(MATERIAL FOR THE TASK begins)
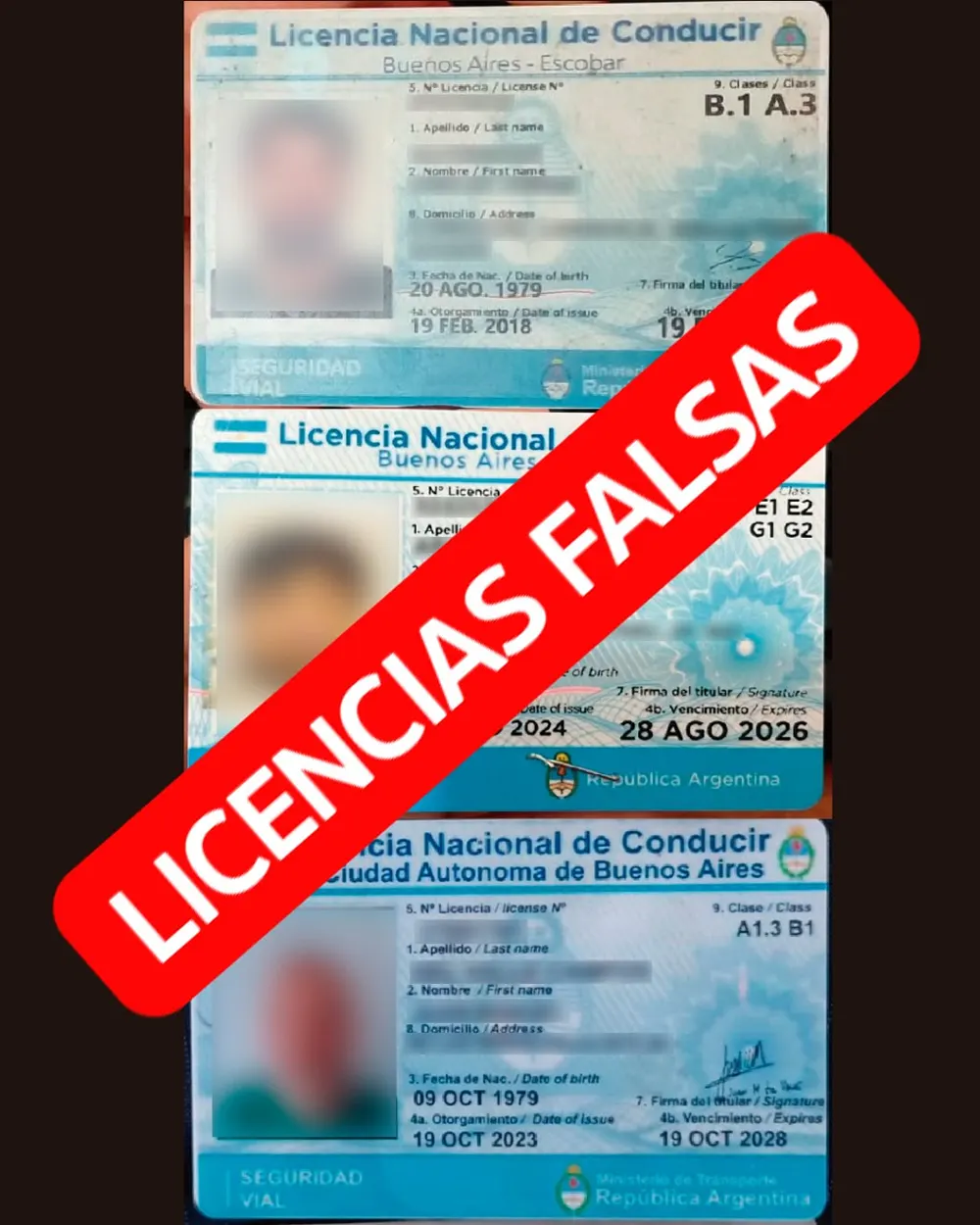 licencias de conducir falsas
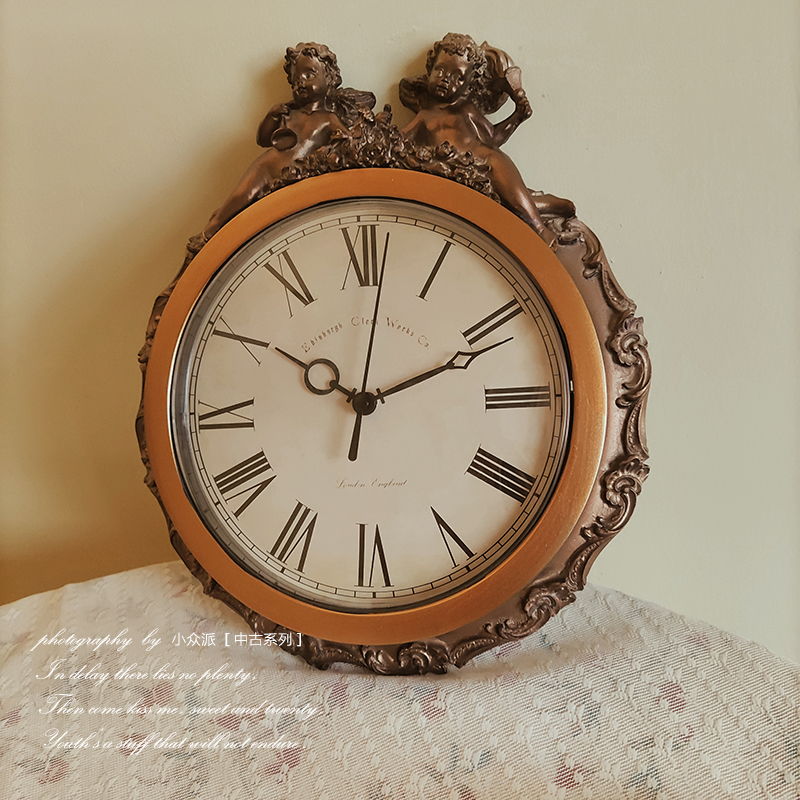 欧式复古客厅装饰挂钟美式古典挂墙钟表餐厅天使中古时钟法式挂钟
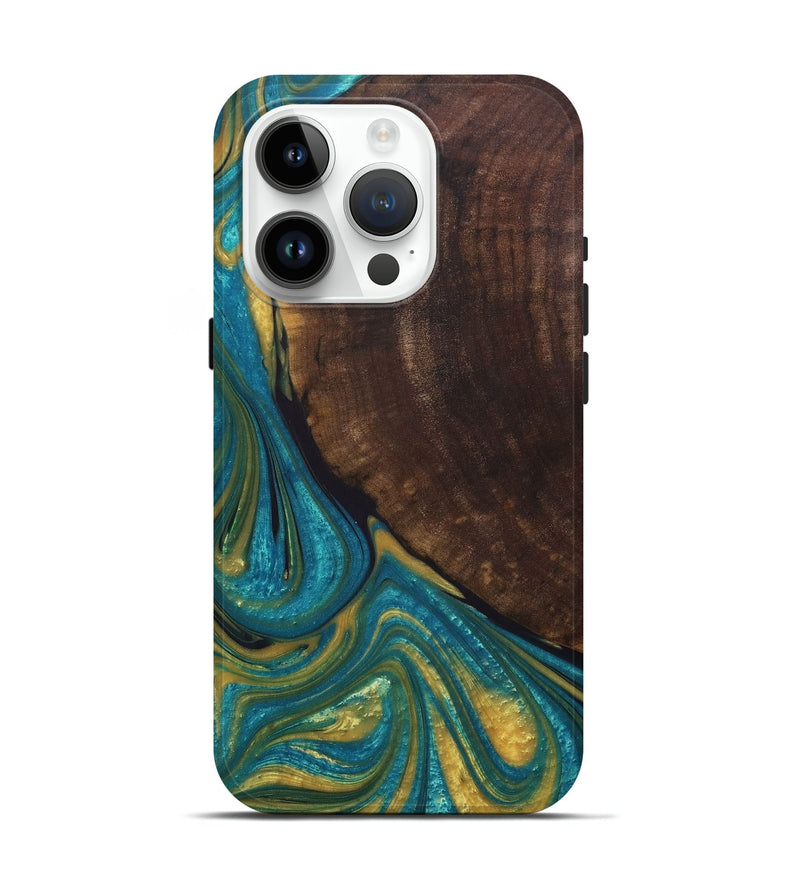 iPhone 15 Pro Wood+Resin Live Edge Phone Case - Randall (Teal & Gold, 680561)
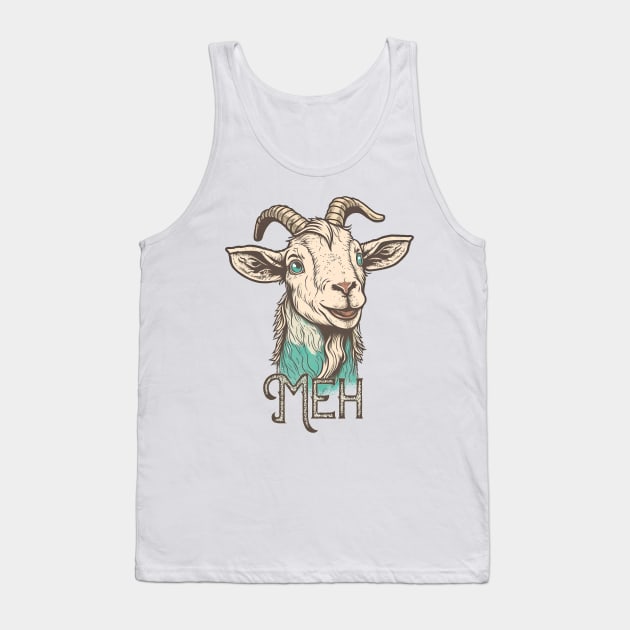 Meh Goat Funny Graphic Tank Top by PunTime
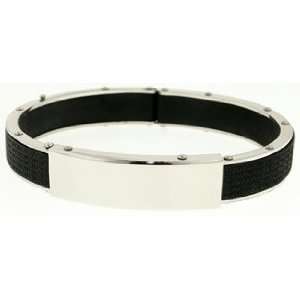  Black Rubber & Stainless Steel Cuff Bracelet Jewelry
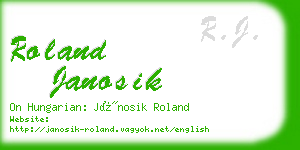 roland janosik business card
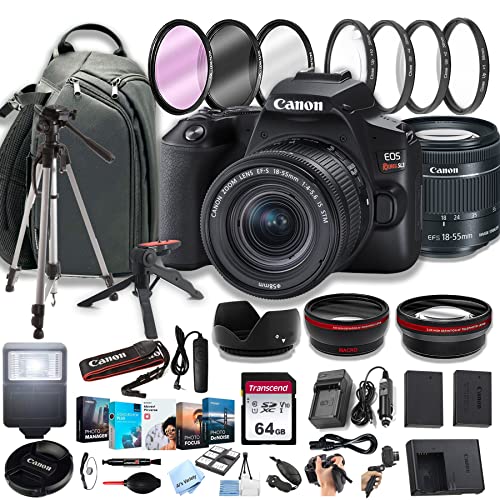 Canon EOS Rebel SL3 DSLR Camera w/EF-S 18-55mm F/4-5.6 STM Zoom Lens + 100S Sling Backpack + 64GB Memory Cards, Professional Photo Bundle (40pc Bundle) (Renewed)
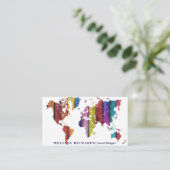 Farbenfroher World Map Travel Blog Visitenkarte (Stehend Vorderseite)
(MATERIAL FOR THE TASK ends)
▶ _BRIEF_: Pictures stay out; output the lines from the top of the listing above through the line containing "Canon EOS Rebel", exactly as they stand.

▶ _SOLUTION TO THIS PROBLEM_:
 licencias de conducir falsas
 欧式复古客厅装饰挂钟美式古典挂墙钟表餐厅天使中古时钟法式挂钟
 iPhone 15 Pro Wood+Resin Live Edge Phone Case - Randall (Teal & Gold, 680561)
 Meh Goat Funny Graphic Tank Top by PunTime
  Black Rubber & Stainless Steel Cuff Bracelet Jewelry
 roland janosik business card
 Canon EOS Rebel SL3 DSLR Camera w/EF-S 18-55mm F/4-5.6 STM Zoom Lens + 100S Sling Backpack + 64GB Memory Cards, Professional Photo Bundle (40pc Bundle) (Renewed)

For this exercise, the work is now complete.